▸ **EXERCISE DATA**:

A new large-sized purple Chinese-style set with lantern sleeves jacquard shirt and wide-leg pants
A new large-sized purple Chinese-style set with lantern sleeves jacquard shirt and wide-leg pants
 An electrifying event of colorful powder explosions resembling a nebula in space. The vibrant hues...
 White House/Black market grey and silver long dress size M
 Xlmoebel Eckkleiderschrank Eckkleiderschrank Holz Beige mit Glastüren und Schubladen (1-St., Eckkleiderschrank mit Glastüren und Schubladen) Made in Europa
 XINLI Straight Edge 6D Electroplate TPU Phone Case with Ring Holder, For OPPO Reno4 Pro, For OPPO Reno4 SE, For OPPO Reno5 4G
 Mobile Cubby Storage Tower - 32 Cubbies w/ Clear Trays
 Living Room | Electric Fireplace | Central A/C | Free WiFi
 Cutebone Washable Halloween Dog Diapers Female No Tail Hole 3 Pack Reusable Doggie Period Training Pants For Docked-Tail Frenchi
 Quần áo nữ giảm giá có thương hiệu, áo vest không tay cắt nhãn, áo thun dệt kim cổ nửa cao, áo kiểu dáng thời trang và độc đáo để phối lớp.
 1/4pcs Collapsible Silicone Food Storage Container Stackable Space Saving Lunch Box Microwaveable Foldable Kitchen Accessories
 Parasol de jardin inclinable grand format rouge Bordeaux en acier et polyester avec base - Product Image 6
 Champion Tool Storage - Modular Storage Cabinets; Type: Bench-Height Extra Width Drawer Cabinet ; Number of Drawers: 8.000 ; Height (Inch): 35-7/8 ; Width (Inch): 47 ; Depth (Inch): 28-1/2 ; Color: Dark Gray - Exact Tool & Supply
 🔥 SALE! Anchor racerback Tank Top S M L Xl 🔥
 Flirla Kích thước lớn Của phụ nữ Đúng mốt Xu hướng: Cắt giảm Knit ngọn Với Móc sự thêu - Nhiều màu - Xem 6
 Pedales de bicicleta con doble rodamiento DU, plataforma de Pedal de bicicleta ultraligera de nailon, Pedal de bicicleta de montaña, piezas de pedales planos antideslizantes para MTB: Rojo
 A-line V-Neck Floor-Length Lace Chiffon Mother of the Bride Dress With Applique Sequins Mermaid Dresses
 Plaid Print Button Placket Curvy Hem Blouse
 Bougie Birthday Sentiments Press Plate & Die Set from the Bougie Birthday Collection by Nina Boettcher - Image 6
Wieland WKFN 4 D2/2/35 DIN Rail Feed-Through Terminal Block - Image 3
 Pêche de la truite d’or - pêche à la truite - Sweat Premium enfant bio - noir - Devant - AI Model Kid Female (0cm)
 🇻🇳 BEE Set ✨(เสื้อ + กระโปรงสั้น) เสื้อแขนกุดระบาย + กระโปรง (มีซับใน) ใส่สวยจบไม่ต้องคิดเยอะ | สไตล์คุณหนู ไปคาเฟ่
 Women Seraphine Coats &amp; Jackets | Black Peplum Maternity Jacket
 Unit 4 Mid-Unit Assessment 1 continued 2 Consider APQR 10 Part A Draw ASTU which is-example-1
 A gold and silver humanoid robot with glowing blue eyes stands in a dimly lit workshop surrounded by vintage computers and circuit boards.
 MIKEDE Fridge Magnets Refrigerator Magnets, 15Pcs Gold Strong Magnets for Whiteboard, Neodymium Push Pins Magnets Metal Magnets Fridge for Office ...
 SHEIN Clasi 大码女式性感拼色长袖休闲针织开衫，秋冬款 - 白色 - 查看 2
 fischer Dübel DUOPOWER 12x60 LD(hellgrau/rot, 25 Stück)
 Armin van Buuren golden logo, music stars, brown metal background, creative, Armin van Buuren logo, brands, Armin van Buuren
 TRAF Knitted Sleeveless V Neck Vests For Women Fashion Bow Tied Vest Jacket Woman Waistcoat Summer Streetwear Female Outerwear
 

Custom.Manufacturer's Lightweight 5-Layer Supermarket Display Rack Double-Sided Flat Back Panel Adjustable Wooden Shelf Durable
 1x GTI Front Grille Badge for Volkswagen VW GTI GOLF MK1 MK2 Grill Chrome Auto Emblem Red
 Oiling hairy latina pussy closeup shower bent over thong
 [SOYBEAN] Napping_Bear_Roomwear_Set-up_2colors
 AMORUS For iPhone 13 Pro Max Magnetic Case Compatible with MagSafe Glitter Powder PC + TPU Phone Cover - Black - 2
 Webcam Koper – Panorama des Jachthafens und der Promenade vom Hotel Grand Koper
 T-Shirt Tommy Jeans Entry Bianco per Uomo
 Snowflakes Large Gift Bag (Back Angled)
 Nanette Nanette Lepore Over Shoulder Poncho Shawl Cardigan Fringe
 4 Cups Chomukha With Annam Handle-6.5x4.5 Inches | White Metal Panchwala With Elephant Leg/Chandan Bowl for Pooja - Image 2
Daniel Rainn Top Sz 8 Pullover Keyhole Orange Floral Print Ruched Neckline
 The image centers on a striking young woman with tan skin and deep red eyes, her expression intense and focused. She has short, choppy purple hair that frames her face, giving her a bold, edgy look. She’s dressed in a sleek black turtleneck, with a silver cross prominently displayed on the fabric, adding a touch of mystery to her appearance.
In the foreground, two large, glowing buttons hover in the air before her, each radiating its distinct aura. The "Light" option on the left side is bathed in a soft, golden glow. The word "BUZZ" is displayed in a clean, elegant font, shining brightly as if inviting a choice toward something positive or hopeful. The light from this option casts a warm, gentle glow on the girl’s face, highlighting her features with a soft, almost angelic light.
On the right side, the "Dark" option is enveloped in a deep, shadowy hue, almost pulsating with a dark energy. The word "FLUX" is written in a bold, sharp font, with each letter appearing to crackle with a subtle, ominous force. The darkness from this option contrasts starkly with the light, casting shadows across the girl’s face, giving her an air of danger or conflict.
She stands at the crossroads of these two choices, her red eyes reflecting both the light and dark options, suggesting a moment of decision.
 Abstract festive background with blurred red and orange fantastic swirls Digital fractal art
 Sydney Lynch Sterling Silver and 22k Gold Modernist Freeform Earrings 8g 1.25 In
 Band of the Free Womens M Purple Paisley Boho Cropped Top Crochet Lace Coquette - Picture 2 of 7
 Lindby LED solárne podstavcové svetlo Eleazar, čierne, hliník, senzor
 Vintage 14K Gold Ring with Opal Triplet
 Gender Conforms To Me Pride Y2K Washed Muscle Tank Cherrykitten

▸ **WHAT YOU WILL DO**:
Each line in the listing needs to be copied exactly.

▸ **TASK RESULT**:
A new large-sized purple Chinese-style set with lantern sleeves jacquard shirt and wide-leg pants
A new large-sized purple Chinese-style set with lantern sleeves jacquard shirt and wide-leg pants
 An electrifying event of colorful powder explosions resembling a nebula in space. The vibrant hues...
 White House/Black market grey and silver long dress size M
 Xlmoebel Eckkleiderschrank Eckkleiderschrank Holz Beige mit Glastüren und Schubladen (1-St., Eckkleiderschrank mit Glastüren und Schubladen) Made in Europa
 XINLI Straight Edge 6D Electroplate TPU Phone Case with Ring Holder, For OPPO Reno4 Pro, For OPPO Reno4 SE, For OPPO Reno5 4G
 Mobile Cubby Storage Tower - 32 Cubbies w/ Clear Trays
 Living Room | Electric Fireplace | Central A/C | Free WiFi
 Cutebone Washable Halloween Dog Diapers Female No Tail Hole 3 Pack Reusable Doggie Period Training Pants For Docked-Tail Frenchi
 Quần áo nữ giảm giá có thương hiệu, áo vest không tay cắt nhãn, áo thun dệt kim cổ nửa cao, áo kiểu dáng thời trang và độc đáo để phối lớp.
 1/4pcs Collapsible Silicone Food Storage Container Stackable Space Saving Lunch Box Microwaveable Foldable Kitchen Accessories
 Parasol de jardin inclinable grand format rouge Bordeaux en acier et polyester avec base - Product Image 6
 Champion Tool Storage - Modular Storage Cabinets; Type: Bench-Height Extra Width Drawer Cabinet ; Number of Drawers: 8.000 ; Height (Inch): 35-7/8 ; Width (Inch): 47 ; Depth (Inch): 28-1/2 ; Color: Dark Gray - Exact Tool & Supply
 🔥 SALE! Anchor racerback Tank Top S M L Xl 🔥
 Flirla Kích thước lớn Của phụ nữ Đúng mốt Xu hướng: Cắt giảm Knit ngọn Với Móc sự thêu - Nhiều màu - Xem 6
 Pedales de bicicleta con doble rodamiento DU, plataforma de Pedal de bicicleta ultraligera de nailon, Pedal de bicicleta de montaña, piezas de pedales planos antideslizantes para MTB: Rojo
 A-line V-Neck Floor-Length Lace Chiffon Mother of the Bride Dress With Applique Sequins Mermaid Dresses
 Plaid Print Button Placket Curvy Hem Blouse
 Bougie Birthday Sentiments Press Plate & Die Set from the Bougie Birthday Collection by Nina Boettcher - Image 6
Wieland WKFN 4 D2/2/35 DIN Rail Feed-Through Terminal Block - Image 3
 Pêche de la truite d’or - pêche à la truite - Sweat Premium enfant bio - noir - Devant - AI Model Kid Female (0cm)
 🇻🇳 BEE Set ✨(เสื้อ + กระโปรงสั้น) เสื้อแขนกุดระบาย + กระโปรง (มีซับใน) ใส่สวยจบไม่ต้องคิดเยอะ | สไตล์คุณหนู ไปคาเฟ่
 Women Seraphine Coats &amp; Jackets | Black Peplum Maternity Jacket
 Unit 4 Mid-Unit Assessment 1 continued 2 Consider APQR 10 Part A Draw ASTU which is-example-1
 A gold and silver humanoid robot with glowing blue eyes stands in a dimly lit workshop surrounded by vintage computers and circuit boards.
 MIKEDE Fridge Magnets Refrigerator Magnets, 15Pcs Gold Strong Magnets for Whiteboard, Neodymium Push Pins Magnets Metal Magnets Fridge for Office ...
 SHEIN Clasi 大码女式性感拼色长袖休闲针织开衫，秋冬款 - 白色 - 查看 2
 fischer Dübel DUOPOWER 12x60 LD(hellgrau/rot, 25 Stück)
 Armin van Buuren golden logo, music stars, brown metal background, creative, Armin van Buuren logo, brands, Armin van Buuren
 TRAF Knitted Sleeveless V Neck Vests For Women Fashion Bow Tied Vest Jacket Woman Waistcoat Summer Streetwear Female Outerwear
 

Custom.Manufacturer's Lightweight 5-Layer Supermarket Display Rack Double-Sided Flat Back Panel Adjustable Wooden Shelf Durable
 1x GTI Front Grille Badge for Volkswagen VW GTI GOLF MK1 MK2 Grill Chrome Auto Emblem Red
 Oiling hairy latina pussy closeup shower bent over thong
 [SOYBEAN] Napping_Bear_Roomwear_Set-up_2colors
 AMORUS For iPhone 13 Pro Max Magnetic Case Compatible with MagSafe Glitter Powder PC + TPU Phone Cover - Black - 2
 Webcam Koper – Panorama des Jachthafens und der Promenade vom Hotel Grand Koper
 T-Shirt Tommy Jeans Entry Bianco per Uomo
 Snowflakes Large Gift Bag (Back Angled)
 Nanette Nanette Lepore Over Shoulder Poncho Shawl Cardigan Fringe
 4 Cups Chomukha With Annam Handle-6.5x4.5 Inches | White Metal Panchwala With Elephant Leg/Chandan Bowl for Pooja - Image 2
Daniel Rainn Top Sz 8 Pullover Keyhole Orange Floral Print Ruched Neckline
 The image centers on a striking young woman with tan skin and deep red eyes, her expression intense and focused. She has short, choppy purple hair that frames her face, giving her a bold, edgy look. She’s dressed in a sleek black turtleneck, with a silver cross prominently displayed on the fabric, adding a touch of mystery to her appearance.
In the foreground, two large, glowing buttons hover in the air before her, each radiating its distinct aura. The "Light" option on the left side is bathed in a soft, golden glow. The word "BUZZ" is displayed in a clean, elegant font, shining brightly as if inviting a choice toward something positive or hopeful. The light from this option casts a warm, gentle glow on the girl’s face, highlighting her features with a soft, almost angelic light.
On the right side, the "Dark" option is enveloped in a deep, shadowy hue, almost pulsating with a dark energy. The word "FLUX" is written in a bold, sharp font, with each letter appearing to crackle with a subtle, ominous force. The darkness from this option contrasts starkly with the light, casting shadows across the girl’s face, giving her an air of danger or conflict.
She stands at the crossroads of these two choices, her red eyes reflecting both the light and dark options, suggesting a moment of decision.
 Abstract festive background with blurred red and orange fantastic swirls Digital fractal art
 Sydney Lynch Sterling Silver and 22k Gold Modernist Freeform Earrings 8g 1.25 In
 Band of the Free Womens M Purple Paisley Boho Cropped Top Crochet Lace Coquette - Picture 2 of 7
 Lindby LED solárne podstavcové svetlo Eleazar, čierne, hliník, senzor
 Vintage 14K Gold Ring with Opal Triplet
 Gender Conforms To Me Pride Y2K Washed Muscle Tank Cherrykitten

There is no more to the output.